Hacker News new | ask | show | jobs
by tomlue 1319 days ago
I don't work at a giant company, but I'm curious:

> Anyone that has worked on large, complex system knows that the margin of error in uptime and downtime is often whether the right person is within arms’ reach of their laptop.

Is this true?

Shouldn't giant tech companies obsess about reducing the need for human intervention?

8 comments

I'm former AWS. Yes, it's true. You'd be surprised how much human intervention is needed for large-scale SaaS/cloud stuff. A lot of it's just scale and probability. If an IT problem has a 0.0001% chance of happening on any given day for an org, a single organization will likely never see it happen during its entire existence. But if you're managing IT for 10 million organizations, it'll statistically happen 10 times per day!
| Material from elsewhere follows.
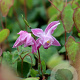 Epimedium gr. 'Akebono' GM P9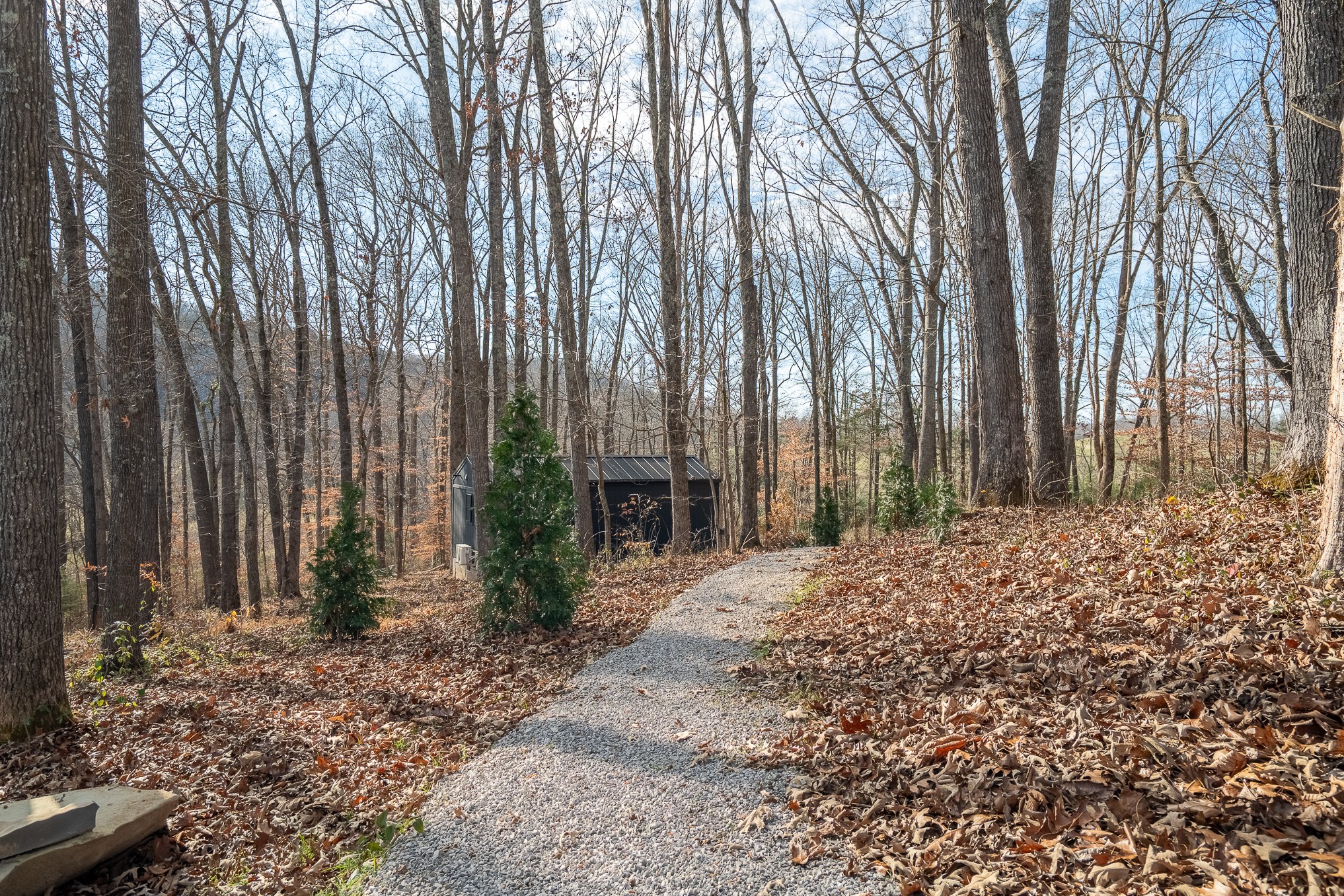 1545 Blue Springs Road Sparta TN 38583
Giant tech companies do obsess about reducing the need for human intervention. Teams in my org at AWS kept track of failures/intervention rates per thousand instances. If it gets too high, it means you're spending too much engineering effort resolving on-call issues and need to fix it.

Sure they should, but there are a lot of moving parts, written in different decades. Bugs are found every day even in projects that have 100% code coverage

PagerDuty is a multi billion dollar company for a reason, and they're not even the only company doing what they do.

I don't think it's relevant if one has worked in a giant company to understand how bad on call can be, every engineer knows that. I personally assume on-call is much worse/harder/nerve wracking in bigger companies

> Shouldn't giant tech companies obsess about reducing the need for human intervention?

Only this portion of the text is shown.